Начальница застонала от боли, зашаталась, но не упала, и обломок ящика остался зажат в ее кулаке так же, как посох — в руке Джанн. На мгновение в темноте позади послышалось что-то, что могло быть вздохом или смешком, но когда Джанн приподняла голову и прислушалась, оно исчезло.

— Я ранена, но не настолько сильно, чтоб не могла сражаться или исцелиться, — сказала Мерлок, наполовину согнувшись, припав на одно колено, баюкая свою руку. — Но ты видишь, Джанн?

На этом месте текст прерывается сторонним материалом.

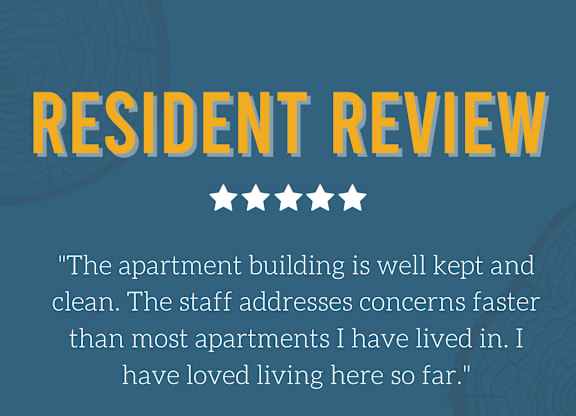 A resident review for Timber Ridge Apartments highlights positive feedback about the cleanliness and responsiveness of the staff.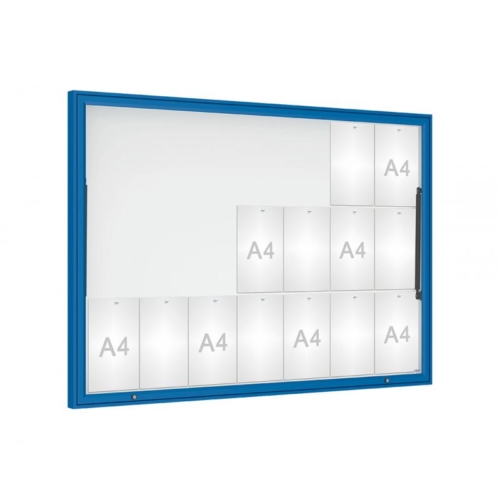 Large blue painted aluminium notice board with gas struts for a raising door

Джанн покачала головой, не понимая и сразу не распознав имя, которое использовала Мерлок. Она была уверена, что ее имя должно быть длиннее, мягче, ложащимся на язык скорее как нежная колыбельная.

— Видишь, да? — продолжала Мерлок. — Видишь, как все это неправильно? Мои владения, мои охотничьи тропы. Я забралась повыше, чтобы высматривать и ждать моих врагов, а ветвь сбросила меня. Не выдержала мой вес.

Чувствуя головокружение, Джанн подхватила Мерлок под здоровое плечо, помогла ей подняться на ноги и вытянула шею, чтобы проследить за взглядом женщины. Первой мыслью было то, что эта конструкция, конечно же, не выдержала веса — она смотрела на рваный, растянутый брезент, лежащий поверх наставленных друг на друга бочек с дистиллированной водой, и кто бы мог подумать, что коренастое, негибкое тело Мерлок позволит ей вскарабкаться туда без неприятностей? И все же ей казалось совершенно разумным, что Мерлок говорила о куче бочек, как об огромном дереве, которое нанесло ей личную обиду, подломив под ней ветвь и позволив ей упасть. Падение. Падение и боль. Джанн глубоко вдохнула, потрясла головой, напомнила себе о своей цели.